WILLIAM. There's always been enough for you and me so far, Mother.

MRS. GARDNER. Ah, but that won't last for ever. I'm got an old woman, and I can't do with the dairy nor the poultry as I was used to do. And things have not the same prices to them as 'twas a few years gone by. And last year's season was the worst that I remember.

WILLIAM. So 'twas. But so long as there's a roof over our heads and a loaf of bread and a bit of garden for me to work on, where's the harm, Mother?

MRS. GARDNER. O you put me out of all patience, William. Where's the rent to come from if we go on like this? And the clothing, and the food? And John's wages, and your flower seeds, if it comes to that, for you have got terrible wasteful over the flowers.

WILLIAM. I wish you'd take it quieter, Mother.
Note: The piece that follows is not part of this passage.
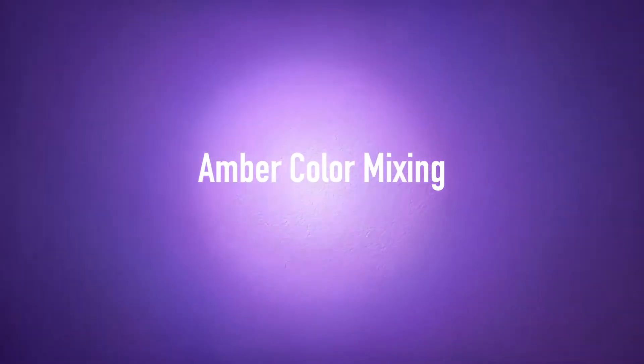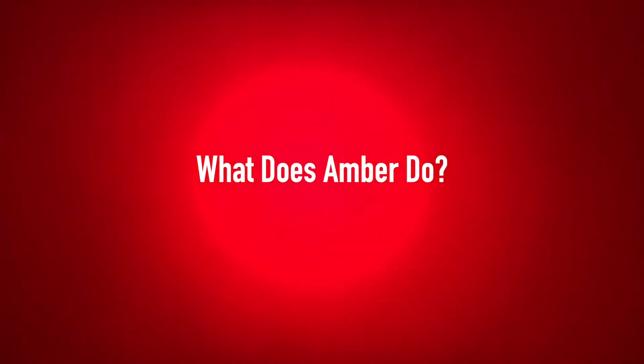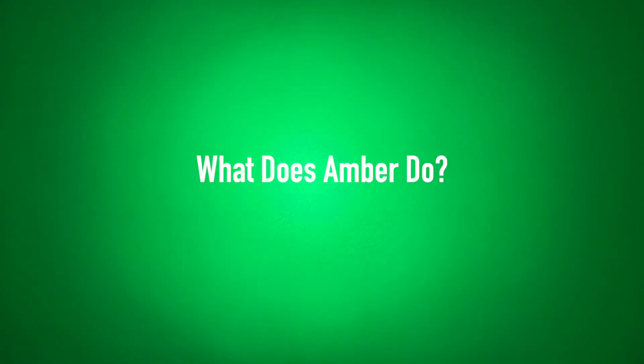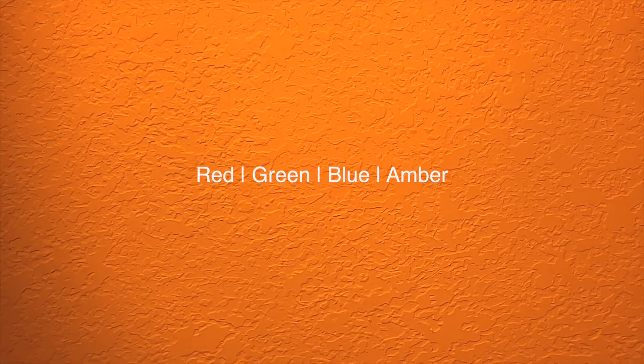Amber color mixing. How does adding amber LEDs affect your color mix? We'll be working on a 255 scale, using an RGBA LED fixture.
Look at you bed of musk, 'tis a grand smell that comes up from it all around.

MRS. GARDNER. No, William. I've no eye for musk, nor nose to smell at it either till you've spoken the word that I require.

WILLIAM. Best let things bide as they are, Mother.

MRS. GARDNER. I'll leave you no rest till you do as I wish, William.

I'm got an old woman, and 'tis hard I should be denied in aught that I've set my heart upon.